What you have to do »
Copy every entry exactly, but skip the pictures.

= Beginning of Section =

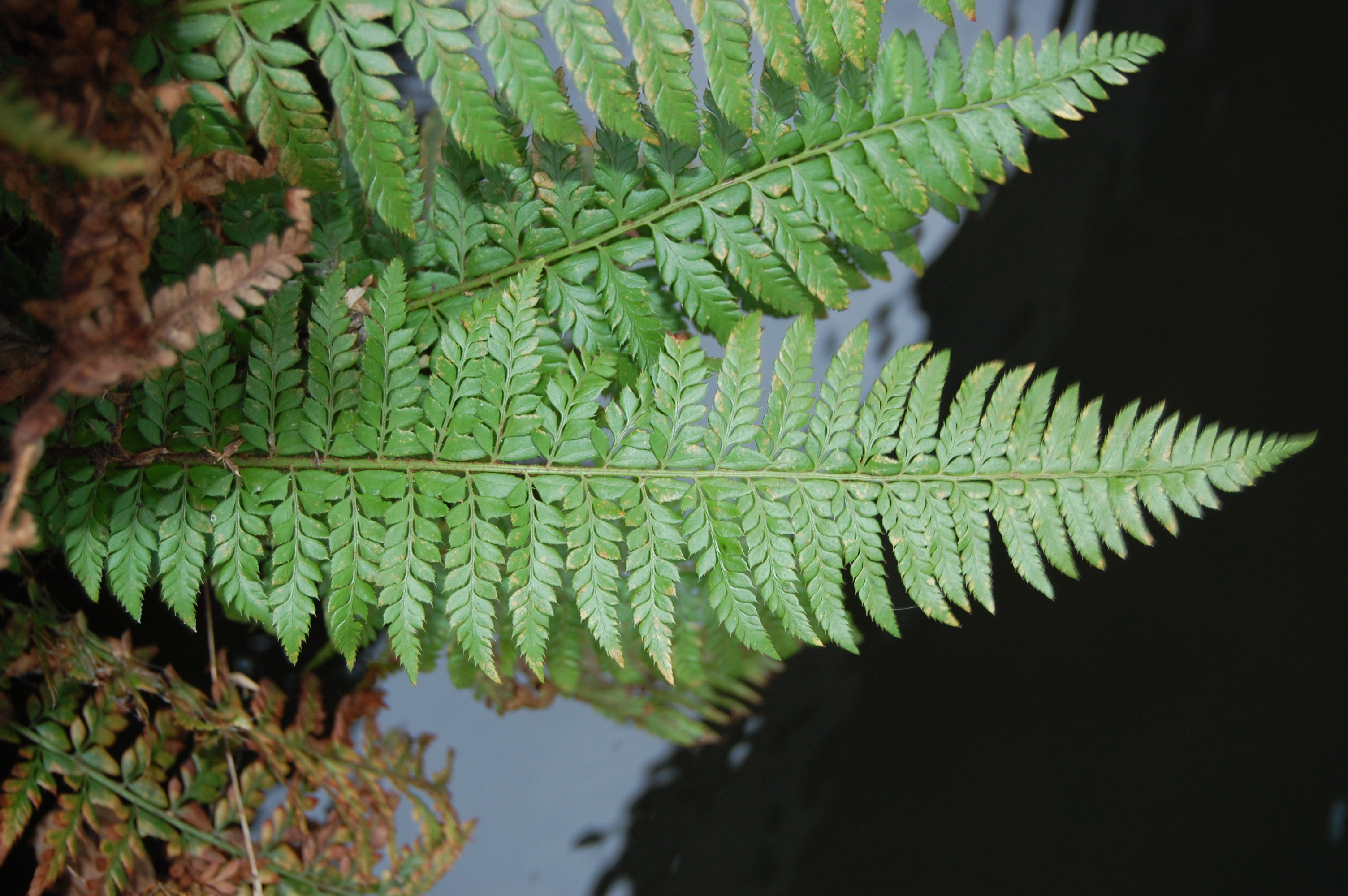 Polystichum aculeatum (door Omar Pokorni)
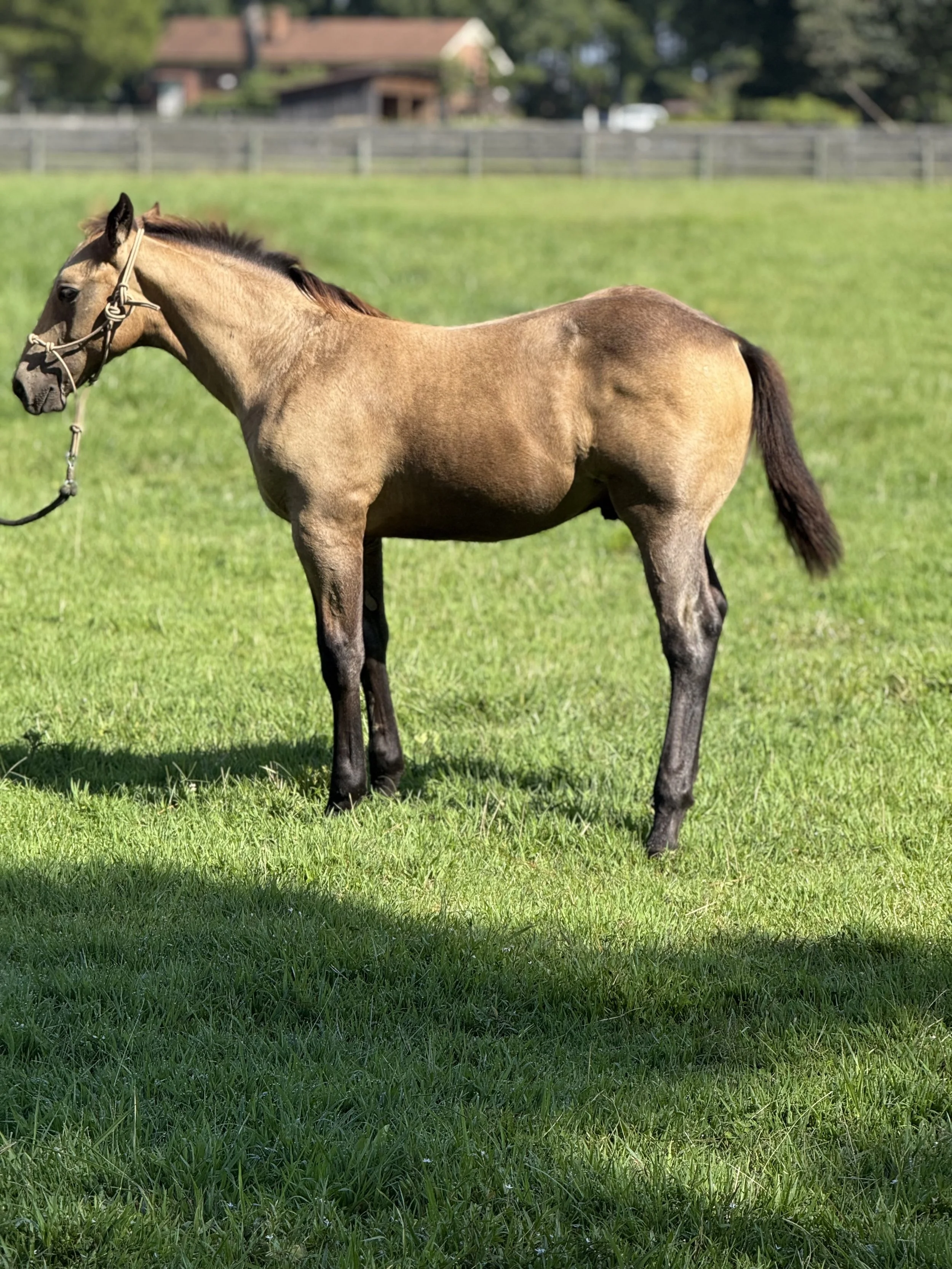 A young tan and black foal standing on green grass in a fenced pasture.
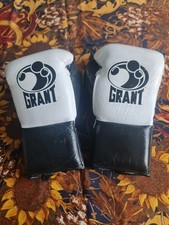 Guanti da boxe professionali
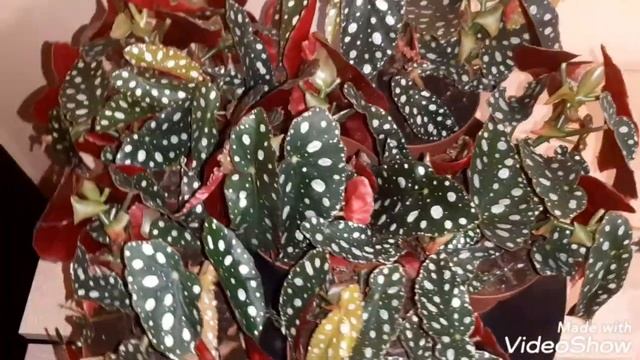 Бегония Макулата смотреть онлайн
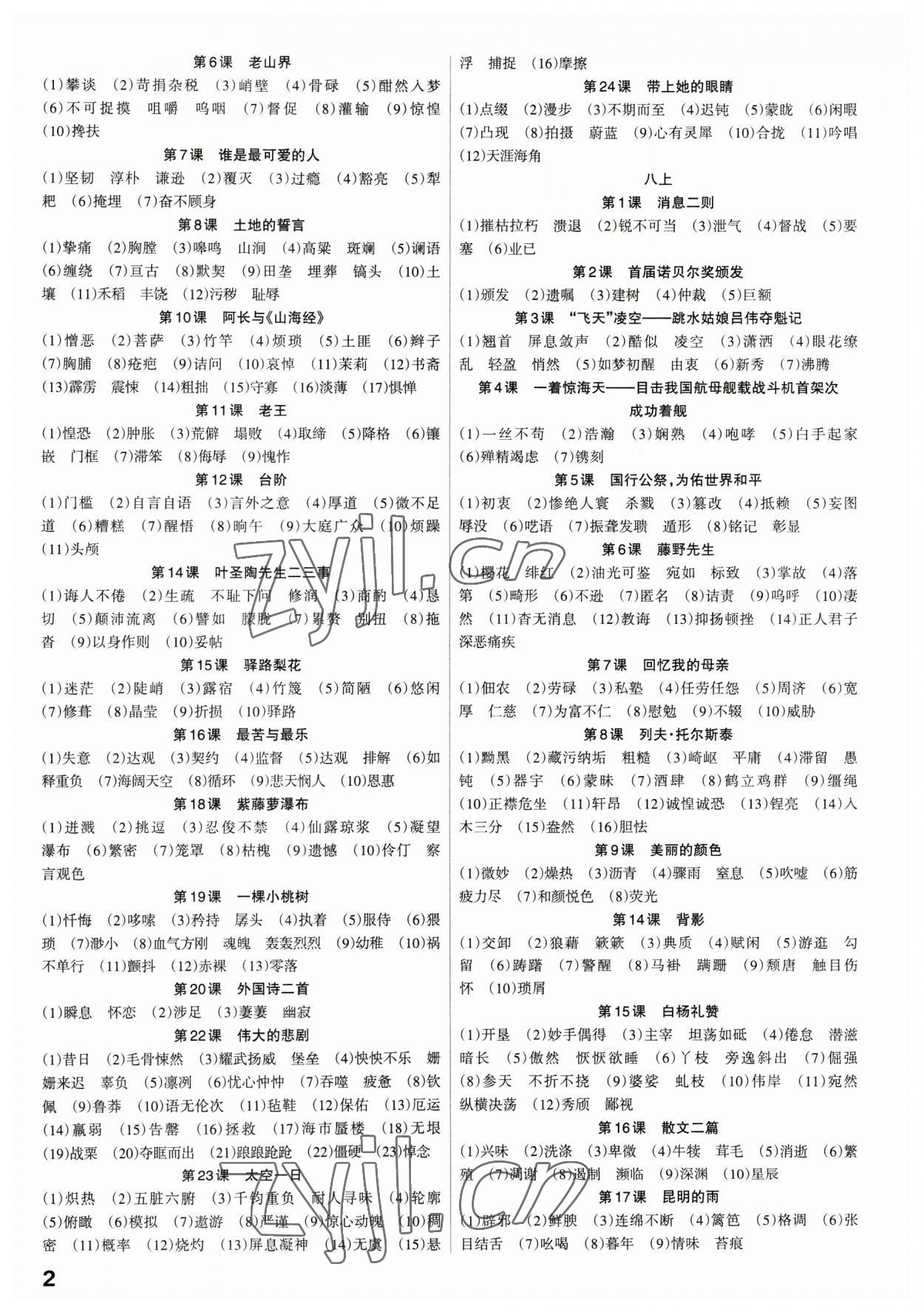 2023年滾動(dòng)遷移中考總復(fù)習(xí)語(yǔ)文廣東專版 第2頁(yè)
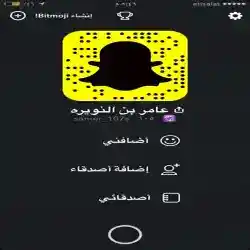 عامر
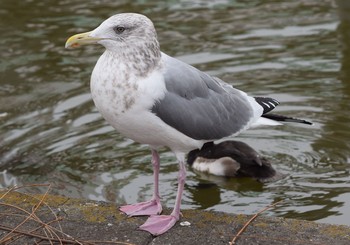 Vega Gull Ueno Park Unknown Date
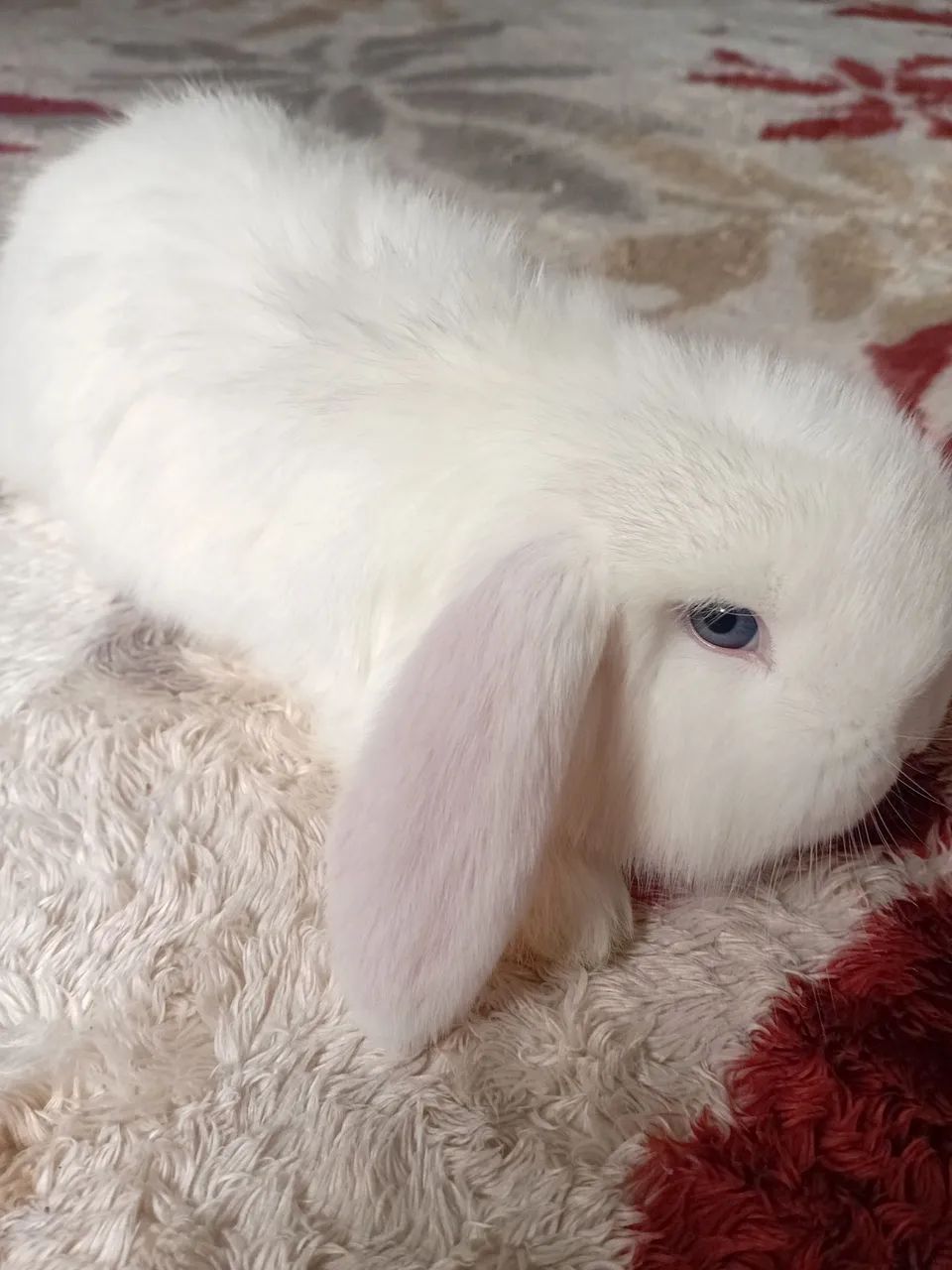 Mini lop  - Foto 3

= End of Section =

Answer box »
 Polystichum aculeatum (door Omar Pokorni)
 A young tan and black foal standing on green grass in a fenced pasture.
 Guanti da boxe professionali
 Бегония Макулата смотреть онлайн
 2023年滾動(dòng)遷移中考總復(fù)習(xí)語(yǔ)文廣東專版 第2頁(yè)
 عامر
 Vega Gull Ueno Park Unknown Date
 Mini lop  - Foto 3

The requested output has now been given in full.